I am sure you have heard of stories of UFO and Alien sighting from many parts of the world. Ask the sales team of this famous company that built "the best software testing tool" and they would tell you that alien visits are because of their tool. The aliens, according to the sales team, needs a one stop solution to all their automation testing needs and that is why they visit us.
If you think I am exaggerating, you are unnecessarily optimistic about your intelligence ;-P. Here is a story that I partly witnessed.
The company that built the best software testing tool, apparently, also built other software products. One of the software products they built was a product not related to testing but something that a lot of people need to use on their computers. They thought they needed some checking activity to be done. As an example, they wanted to check if certain links load as per mock. This was a no brain job and this company believes in automation. So did they automate those checks? If your guess is - yes - congratulations - you are wrong again.
They outsourced the work to some large services company in India and called it as "Compatibility testing work" while it wasn't. Large Indian services companies only care for three things - How long is the work? How many people can we bill? How will this help me answer investor questions on the revenue?
They neither care about testing nor about the future of testers they hire. The job for a tester on this project is to "check" whether the page loads, all images load and a bunch of other things load as compared to mock and design. So, testers have hundreds of links to open and give a report of how many links did not load properly.
What is happening to testers on this project?
- The testers on this project feel /testing/ is boring job. They are made to believe that they are doing testing while they are not.
- The only thing they have been doing over the last couple of years is to wait for the links to load and say "Pass" or "Fail". That's pure checking and not to be done by humans for those thousands of links.
- The bigger problems are written below
- As they try to move out, the world isn't considering them as testers because the only thing they have been doing is to wait for links to load.
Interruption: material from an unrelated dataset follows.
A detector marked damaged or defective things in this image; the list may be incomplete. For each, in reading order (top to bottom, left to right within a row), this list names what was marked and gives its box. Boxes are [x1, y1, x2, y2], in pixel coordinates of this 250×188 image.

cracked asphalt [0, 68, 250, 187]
- Of course, those testers can put big brand names in their resume but they realized nobody cares for it anymore.
So, is that the end of the story? Nope! The above is just a premise of the actual story.
Several months later, the same large services company of India got an enquiry from one of their existing customer for testing page load compared to mocks but they did not need humans to do it, instead needed automation solution. Notice how carefully, I am not using the word "test automation", in previous sentence.
The services company agreed to do it and a team of automation testers by designation pulled out the best software testing tool and wrote a bunch of tests and at times record playback then tweak to get it done. One time effort and as long as the mocks or designs don't change - this solution works. Its shipped. Works well on rough seas.
Somebody within the services company noticed these two projects and said what I would have said, "Hey, the best testing tool serves the purpose of what we seem to be doing manually all this while" and then the businessmen inside "Sssh! No, it does not. We have a 5 year contract for 20 people and you know what that means to the business?" As far as I can tell you, it is in million(s) US dollars.
However, the company that built the best software testing tool is not a company that is ignorant of this. They are well aware of their tool capabilities but seem to fail in putting their own tool to use for another product within their company. When someone actually told this to the company that built the best testing tool - they were excited. Excited not because they could save some humans for what they were not supposed to be doing but to change their marketing communication with sentences like, "Case study of how a large services company used our best testing tool to test millions of links". Interestingly they show how the large services company saved millions of dollars for their customers whilst they themselves were paying millions of US dollars to get manual checking done where they did not want to use their tool.
Moral(s) of the story :
- Humans are made to run tests that humans were never supposed to.
- When automation kicks in - comparison to humans and automation also kicks in - indicating how poor their understanding of testing is.
- Business decisions can decide how boring testing can become.
- Most large services companies remain large at the expense of killing software testing and upcoming testers.
- Software testing tools are as useful as spoon and fork - they are needed everyday but shouldn't cost as much as a Ferrari.
- The world needs more bold people than just more skilled testers at the moment. So if you are focusing on training testers, don't just teach them testing.
- Those who trade their time for money and are designated as testers aren't testers anyway.
- Most often, companies that are proud of building the best or popular software testing tool are actually putting the field to shame.
- The best software testing tool is always the human brain. It can operate in "non thinking" mode too and unfortunately seems to be the popular mode among most testers since they are paid for it.